### Task goal
Write down exactly the lines from the one below that has "Adhesive Mount No Drill Compatible - Image 4" to the end of the data, both ends included; the pictures should not appear in your copy.

### Source records
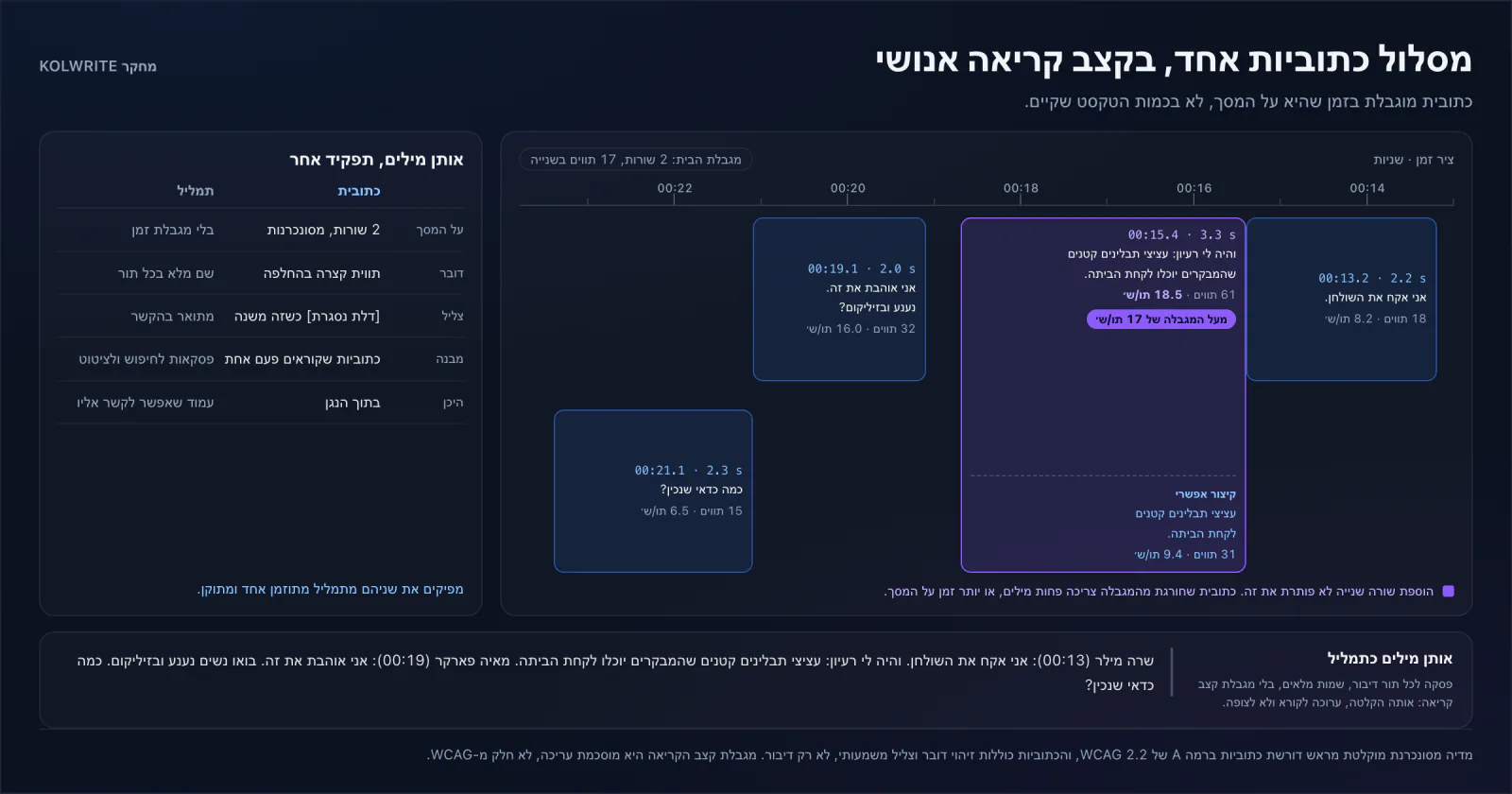 ציר זמן של כתוביות: כל כתובית משורטטת לאורך משך ההופעה שלה על המסך לצד הזמן שדרוש לקריאתה, וכתובית אחת ארוכה מדי מסומנת לצד גרסה מקוצרת שמתאימה לזמן שהוקצב לה.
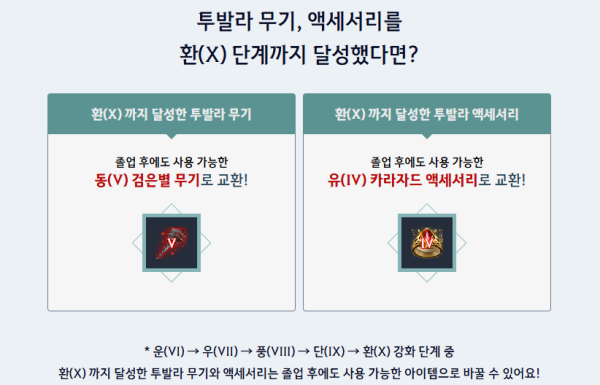 -&nbsp;시즌 : DREAM 혜택이 역대급으로 좋다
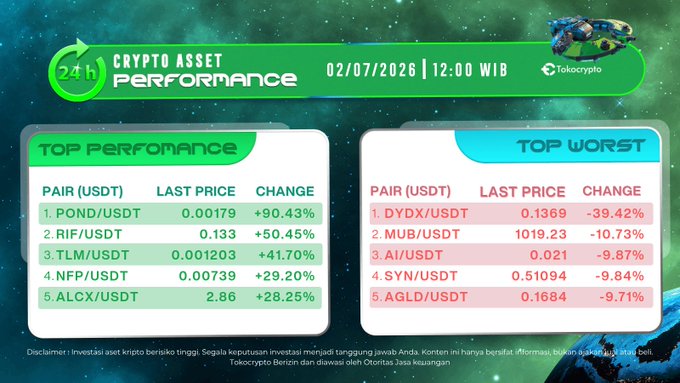 A 24h crypto asset performance chart from Tokocrypto dated 02/07/2026 (12:00 WIB), highlighting $POND/USDT as the top performer at +90.43% (last price 0.00179) and $RIF/USDT in second place at +50.45% (last price 0.133), directly supporting the post's callout of POND's surge and RIF's gains.
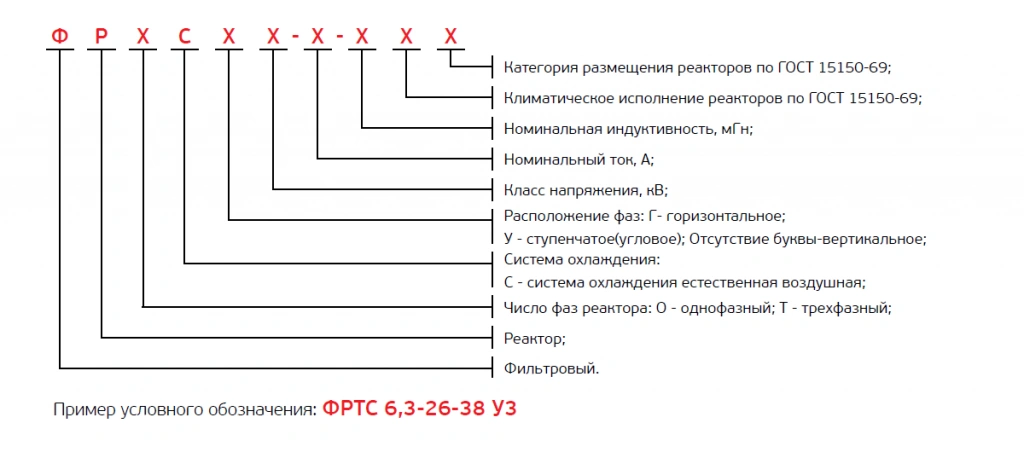 Рис. 2. Структура условного обозначения фильтрового реактора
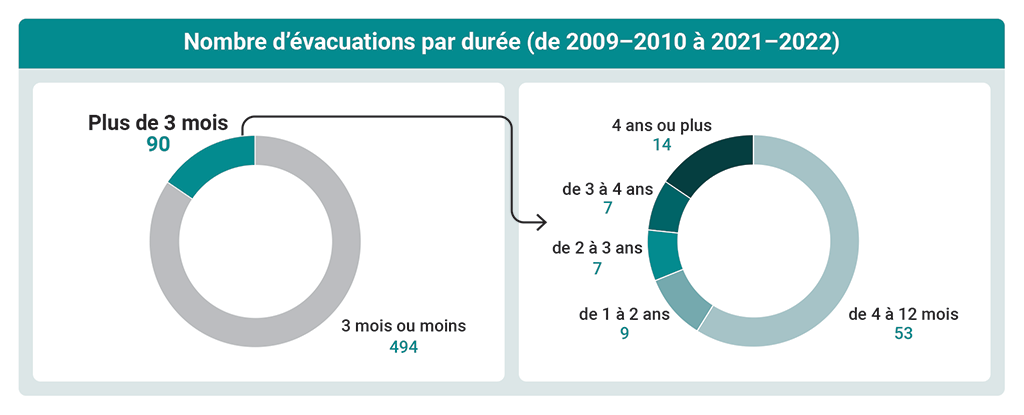 Un diagramme à secteurs montre le nombre d’évacuations de collectivités des Premières Nations par durée (exercices 2009-2010 à 2021-2022).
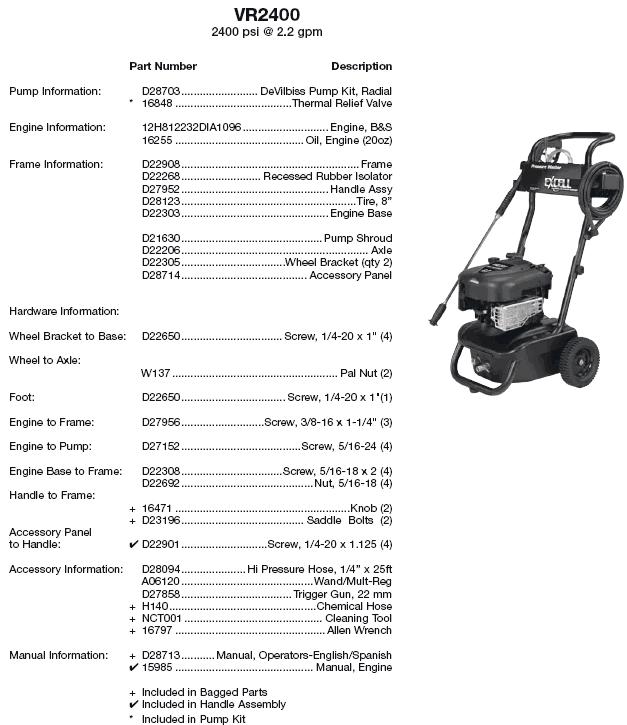 pump breakdown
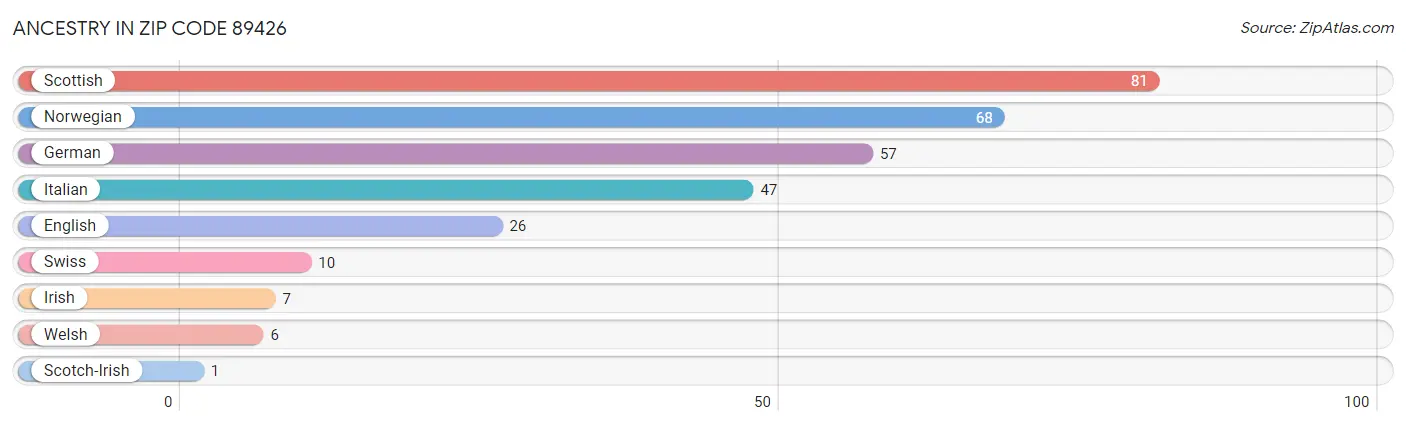 Ancestry in Zip Code 89426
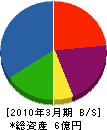 東武道路工業 貸借対照表 2010年3月期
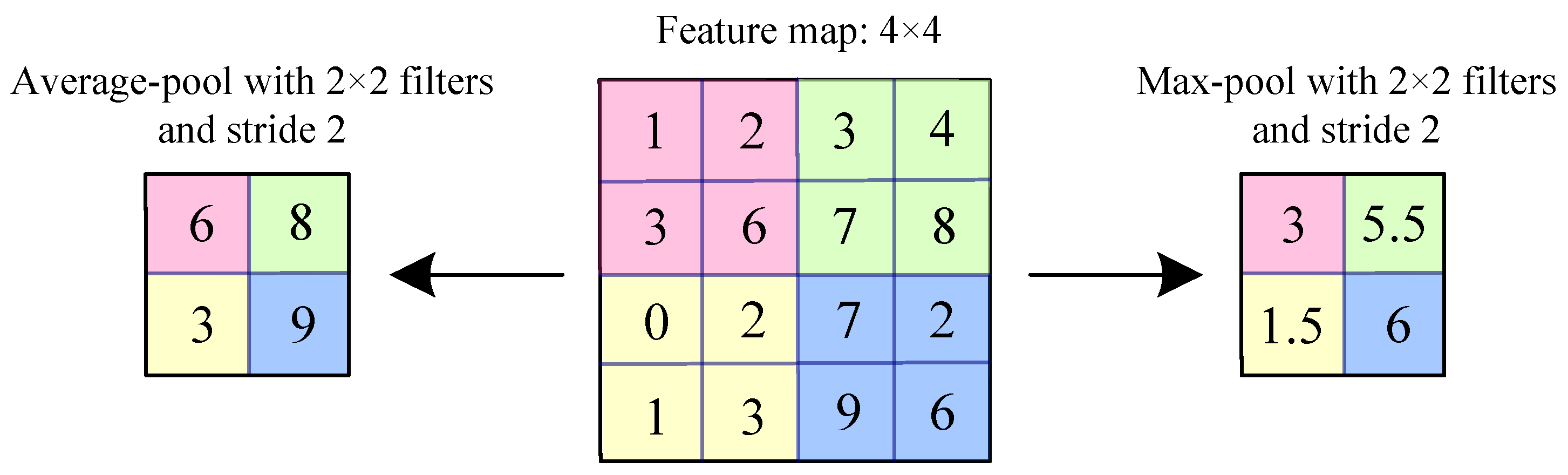 Sensors 19 01693 g003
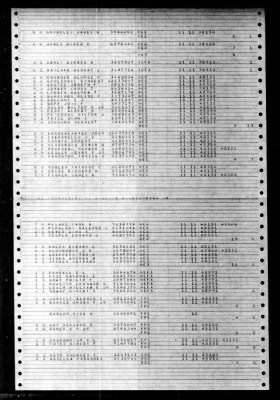 Thumbnail for Cadmus (NP 520) > 1949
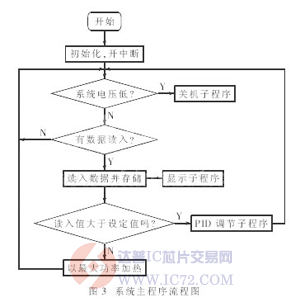 达普芯片交易网:www.ic72.com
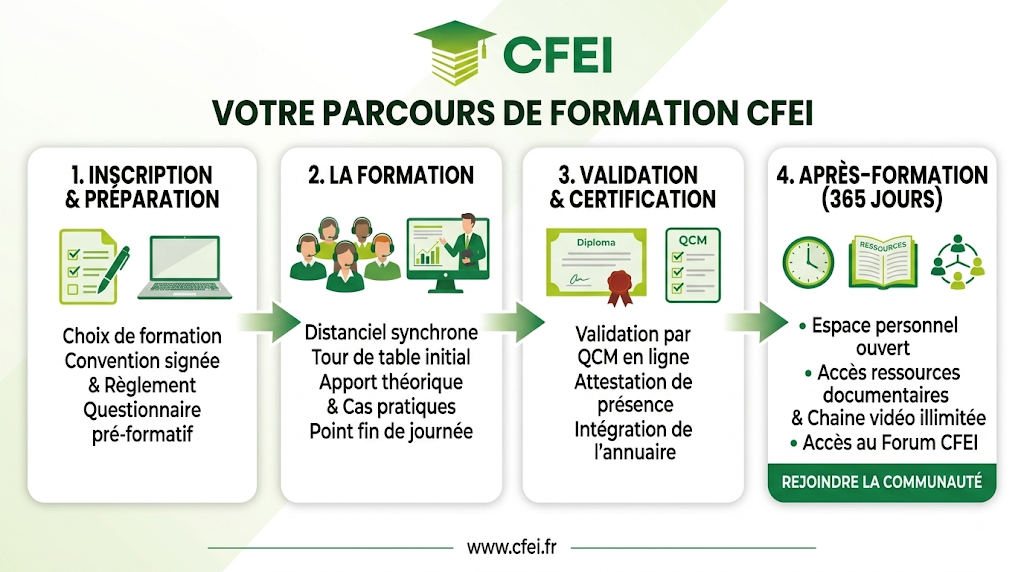 LE CFEI PARCOURS DE FORMATION DU LEADER DE LA FORMATION A L'EXPERTISE IMMOBILIERE LE CFEI PARCOURS DE FORMATION DU LEADER DE LA FORMATION A L'EXPERTISE IMMOBILIERE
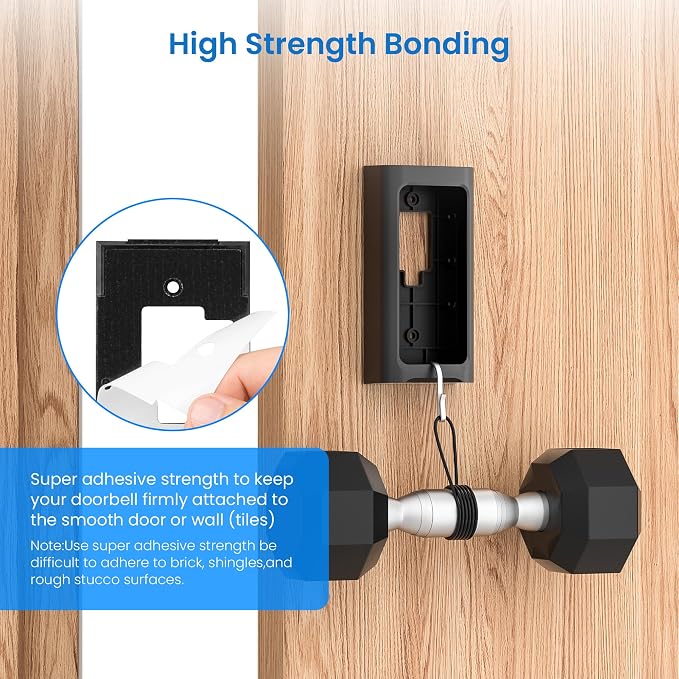 Adhesive Mount No Drill Compatible - Image 4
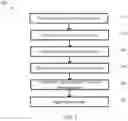 Fig. 04 - SYSTEM AND METHOD FOR PROVIDING TUTORING AND MENTORING SERVICES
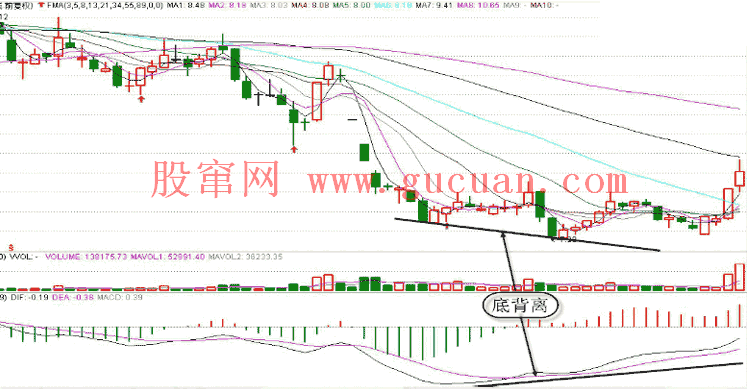 macd頂背離(macd頂背離指標公式源碼)-添財網(wǎng)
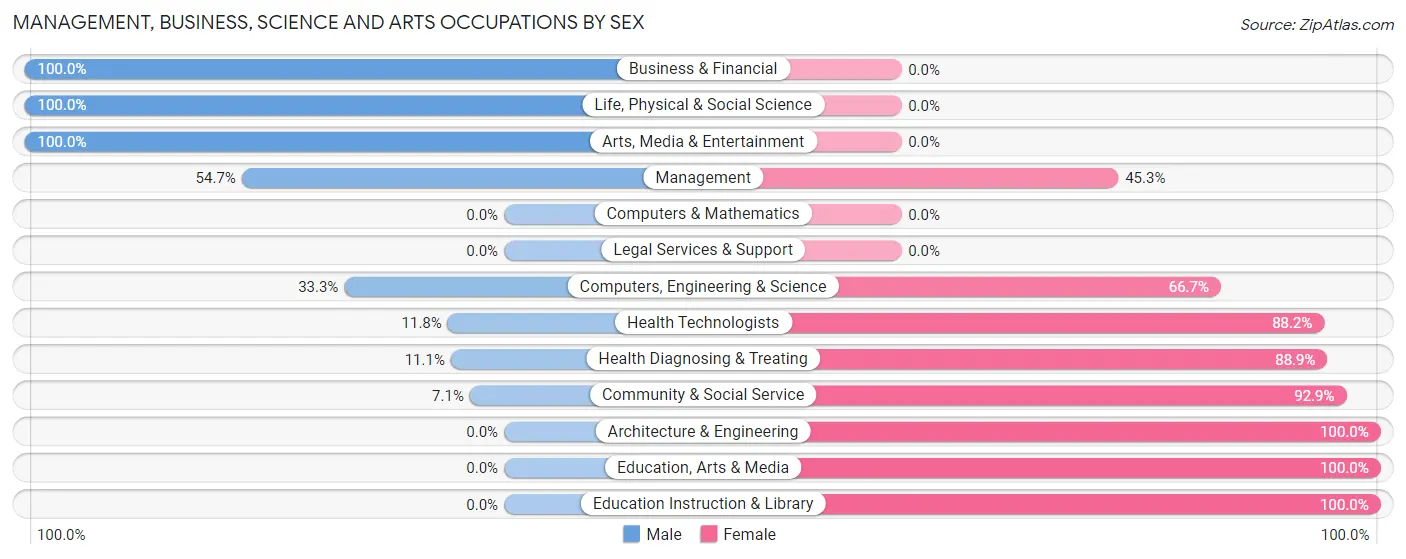 Management, Business, Science and Arts Occupations by Sex in Zip Code 57016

### Result for this exercise
 Adhesive Mount No Drill Compatible - Image 4
 Fig. 04 - SYSTEM AND METHOD FOR PROVIDING TUTORING AND MENTORING SERVICES
 macd頂背離(macd頂背離指標公式源碼)-添財網(wǎng)
 Management, Business, Science and Arts Occupations by Sex in Zip Code 57016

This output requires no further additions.